Thanks for the replies. I ended up going for the tried and tested classic classic that was available on here: https://coffeeforums.co.uk/showthread.php?47453-gaggia-classic-machine

Looking forward to getting started.


----------



## fatwhite (Nov 25, 2018)

Lati said:


> Okay
> 
> 
> 
> ...


This made me laugh! Coffee or a planet? Coffee haha


----------



## sdmc303 (Oct 1, 2019)

Hi guys!

Im looking at similar thing right now.

Deciding between the 2019 Classic (New) £400

Or a second hand pre 2015 - £200 with optional upgrades.. PID - New wand etc.. with the upgrades it gets quite close to £400 also.

Thoughts?


----------



## sdmc303 (Oct 1, 2019)

fatwhite said:


> Thanks for the replies. I ended up going for the tried and tested classic classic that was available on here: https://coffeeforums.co.uk/showthread.php?47453-gaggia-classic-machine
> 
> Looking forward to getting started.


 How has your experience been so far?

Happy decision?


----------



## Andori (Sep 10, 2019)

sdmc303 said:


> Hi guys!
> Im looking at similar thing right now.
> Deciding between the 2019 Classic (New) £400
> Or a second hand pre 2015 - £200 with optional upgrades.. PID - New wand etc.. with the upgrades it gets quite close to £400 also.
> Thoughts?


If you are prepared to service and mod it yourself, a pre 2015 can be had for closer to £100. A kit with new seals and stats is about £20. A steam wand is about £18 (for one ready modded to fit, less if you want to mess around moving the nut from the old one). Mr Shades PID is £100ish on here.

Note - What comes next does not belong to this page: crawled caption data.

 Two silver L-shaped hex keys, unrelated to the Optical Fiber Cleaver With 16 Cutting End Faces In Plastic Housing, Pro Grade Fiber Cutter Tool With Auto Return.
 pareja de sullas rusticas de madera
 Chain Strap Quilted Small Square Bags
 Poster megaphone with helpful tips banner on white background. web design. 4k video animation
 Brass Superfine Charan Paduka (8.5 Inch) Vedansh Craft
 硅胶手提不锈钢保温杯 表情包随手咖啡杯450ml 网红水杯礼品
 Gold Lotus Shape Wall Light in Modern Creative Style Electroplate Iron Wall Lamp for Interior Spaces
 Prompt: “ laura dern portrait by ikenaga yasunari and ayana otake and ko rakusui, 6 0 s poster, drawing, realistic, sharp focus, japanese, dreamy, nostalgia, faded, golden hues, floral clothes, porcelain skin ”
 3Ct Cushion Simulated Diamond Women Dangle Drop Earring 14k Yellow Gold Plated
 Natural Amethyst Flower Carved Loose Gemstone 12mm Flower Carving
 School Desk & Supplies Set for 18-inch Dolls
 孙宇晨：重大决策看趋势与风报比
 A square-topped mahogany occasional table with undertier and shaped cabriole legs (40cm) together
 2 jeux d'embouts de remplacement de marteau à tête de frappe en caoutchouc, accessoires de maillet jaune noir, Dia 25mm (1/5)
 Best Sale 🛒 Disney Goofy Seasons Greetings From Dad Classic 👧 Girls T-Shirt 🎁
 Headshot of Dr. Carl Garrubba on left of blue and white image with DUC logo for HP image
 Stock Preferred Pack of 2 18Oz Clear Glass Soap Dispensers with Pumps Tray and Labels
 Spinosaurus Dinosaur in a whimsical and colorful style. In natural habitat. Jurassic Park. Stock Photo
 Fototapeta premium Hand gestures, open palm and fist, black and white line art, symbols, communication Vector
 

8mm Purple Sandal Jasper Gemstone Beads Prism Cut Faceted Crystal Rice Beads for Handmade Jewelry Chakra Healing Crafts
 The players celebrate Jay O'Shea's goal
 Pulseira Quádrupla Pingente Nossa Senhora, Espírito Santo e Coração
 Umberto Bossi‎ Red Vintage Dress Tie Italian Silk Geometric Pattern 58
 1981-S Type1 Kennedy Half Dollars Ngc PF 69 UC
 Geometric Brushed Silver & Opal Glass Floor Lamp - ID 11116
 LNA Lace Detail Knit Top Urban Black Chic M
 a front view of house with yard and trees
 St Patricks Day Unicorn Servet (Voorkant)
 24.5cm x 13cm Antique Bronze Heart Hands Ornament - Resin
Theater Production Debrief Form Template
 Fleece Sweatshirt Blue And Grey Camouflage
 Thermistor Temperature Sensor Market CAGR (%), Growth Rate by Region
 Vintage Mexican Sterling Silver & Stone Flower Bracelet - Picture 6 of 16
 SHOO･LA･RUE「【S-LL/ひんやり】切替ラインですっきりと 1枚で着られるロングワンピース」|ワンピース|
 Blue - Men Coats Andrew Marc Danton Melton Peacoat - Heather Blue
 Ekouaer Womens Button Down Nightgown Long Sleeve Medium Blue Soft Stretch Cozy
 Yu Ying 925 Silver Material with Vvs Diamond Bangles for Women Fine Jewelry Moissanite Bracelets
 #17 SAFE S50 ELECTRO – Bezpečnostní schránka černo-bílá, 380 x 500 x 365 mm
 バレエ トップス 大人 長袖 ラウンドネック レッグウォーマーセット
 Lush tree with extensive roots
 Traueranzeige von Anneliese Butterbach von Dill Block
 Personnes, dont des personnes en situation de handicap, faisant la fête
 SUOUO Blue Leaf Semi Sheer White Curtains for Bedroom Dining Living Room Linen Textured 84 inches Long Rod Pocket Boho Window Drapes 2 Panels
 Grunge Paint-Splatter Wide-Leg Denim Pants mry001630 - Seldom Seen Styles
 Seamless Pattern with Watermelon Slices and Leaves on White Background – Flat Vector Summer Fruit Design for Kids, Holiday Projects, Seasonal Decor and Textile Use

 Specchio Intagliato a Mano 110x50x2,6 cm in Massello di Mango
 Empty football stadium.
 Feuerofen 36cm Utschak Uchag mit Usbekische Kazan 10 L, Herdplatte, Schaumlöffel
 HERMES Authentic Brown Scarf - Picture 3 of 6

Remember that a 2019 won't have a PID and the OPV mod is a bit harder to do. You don't need a new wand though.


----------



## FairRecycler (Sep 26, 2019)

Andori said:


> If you are prepared to service and mod it yourself, a pre 2015 can be had for closer to £100. A kit with new seals and stats is about £20. A steam wand is about £18 (for one ready modded to fit, less if you want to mess around moving the nut from the old one). Mr Shades PID is £100ish on here.
> 
> Remember that a 2019 won't have a PID and the OPV mod is a bit harder to do. You don't need a new wand though.


 Very true.

I would mention the work involved too. To get a £100 machine - which is likely to be 10 years old - clean as a new one inside and out including replacement of o rings (no stats needed if you install PID) and install MrShades PID, likely to take 8-10 hours for me and I have done quite a few by now, however I'm taking my time. You might as well consider to replace the boiler to avoid exhausting and boring "manual machining" the bottom surface of it due to galvanic corrosion. You might have to buy or recondition the steam valve as well.

However the end result would outperform the new model and many more sub £1000 competitors IMHO.


----------



## sdmc303 (Oct 1, 2019)

Thank you for the input guys.

Still looking around these forums.

Anyone else with some experience with both or either?


----------



## MrShades (Jul 29, 2009)

Go for a pre-2015 model, the auto-shutoff on the new one is just too much of an inconvenience - and the cost difference pays for a whole bunch of great upgrades.

Sent from my iPhone using Tapatalk


----------